**Exercise directions:**
Return, unchanged and with no pictures, the lines below from the very first through the one that contains "Casa de 5 Dormitorios".

**Source data:**
——————————
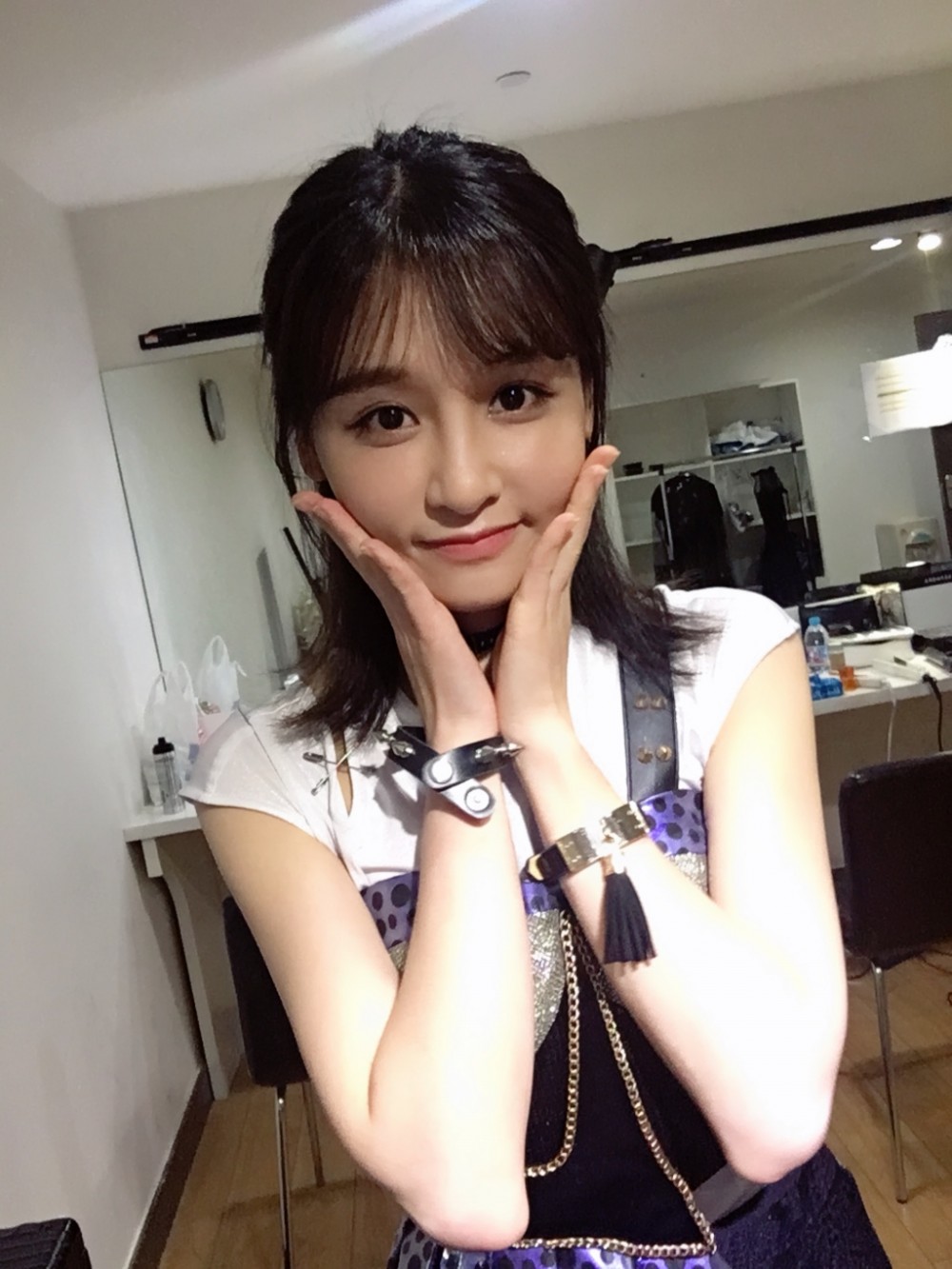 曾艳芬微博配图写真 曾艳芬高清写真_曾艳芬高清剧照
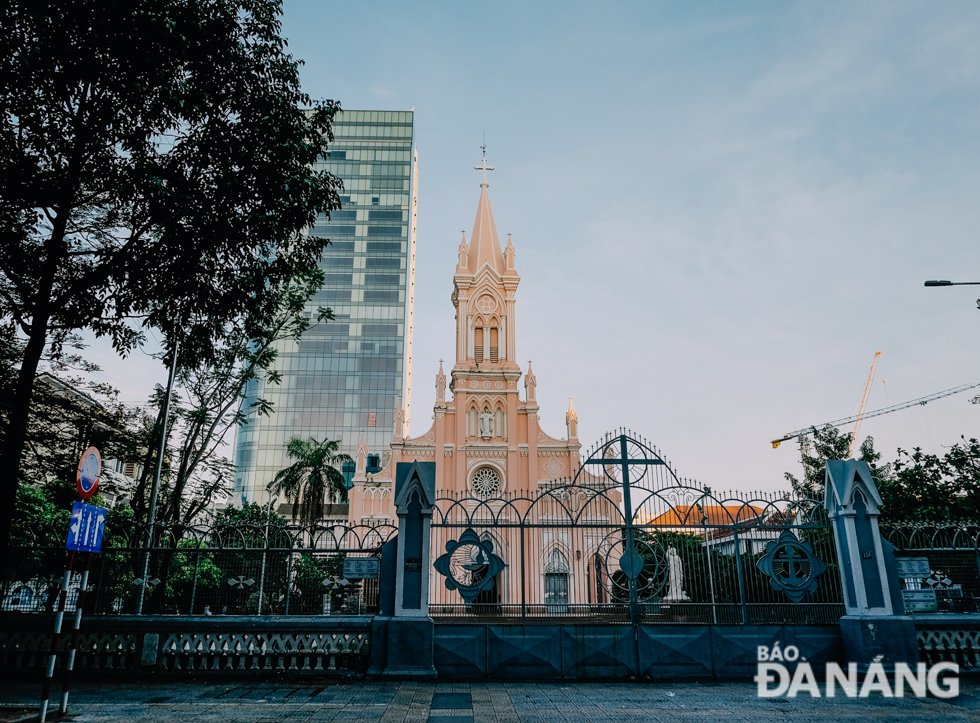 The peaceful image of the Da Nang Cathedral, known to the locals as ‘Nha Tho Con Ga’ (Rooster Cathedral) at the first gleam of daylight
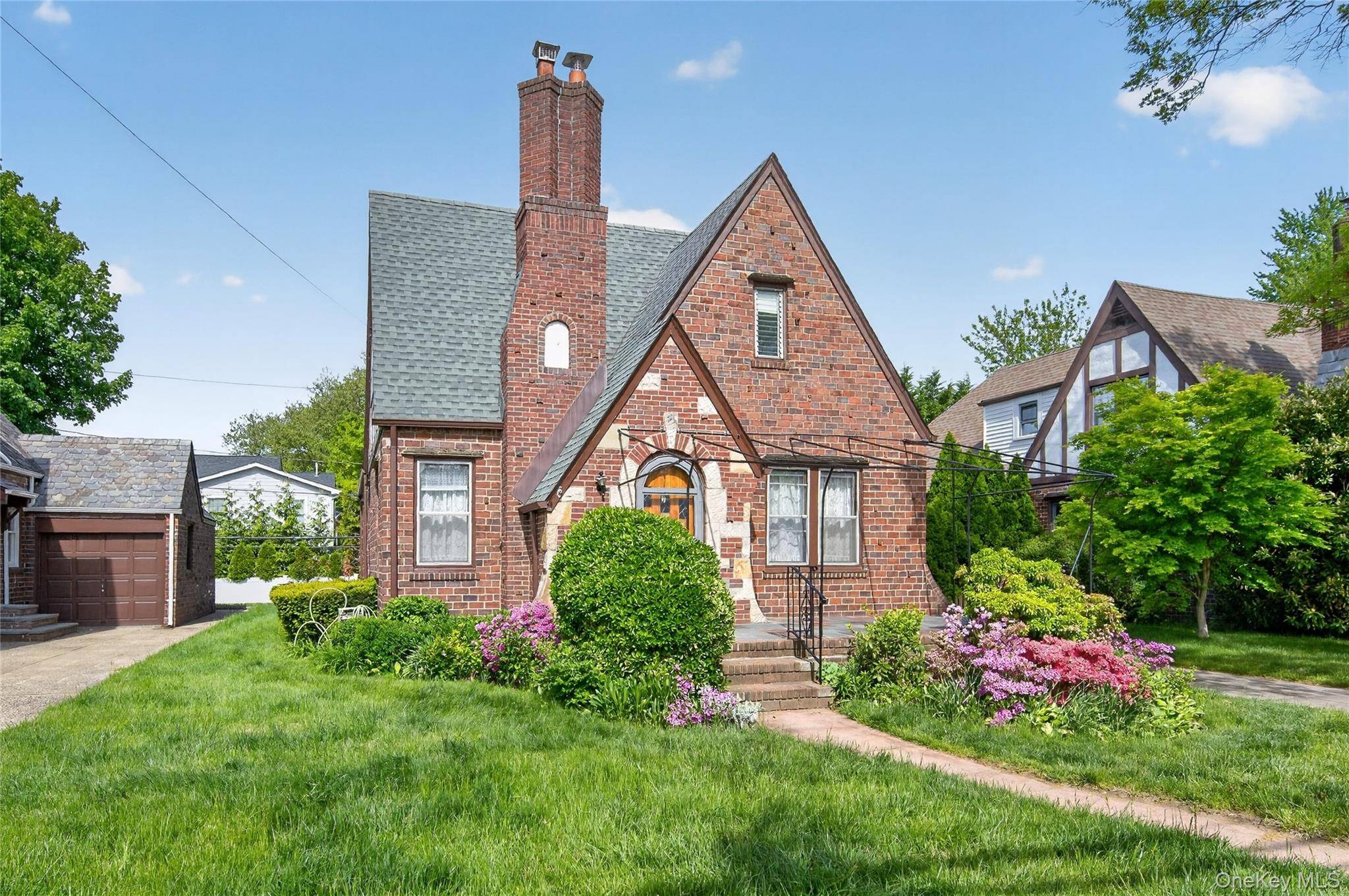 Casa de 5 Dormitorios en Venta en Garden City - Nueva York - EE. UU. - 3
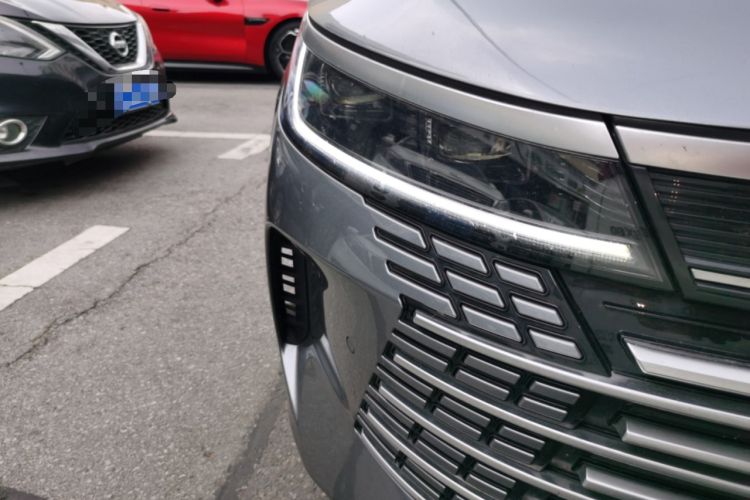 Used BYD Destroyer 05 2022 DM-i 55KM Prestige Model Right Front Headlight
——————————
**Task solution:**
 曾艳芬微博配图写真 曾艳芬高清写真_曾艳芬高清剧照
 The peaceful image of the Da Nang Cathedral, known to the locals as ‘Nha Tho Con Ga’ (Rooster Cathedral) at the first gleam of daylight
 Casa de 5 Dormitorios en Venta en Garden City - Nueva York - EE. UU. - 3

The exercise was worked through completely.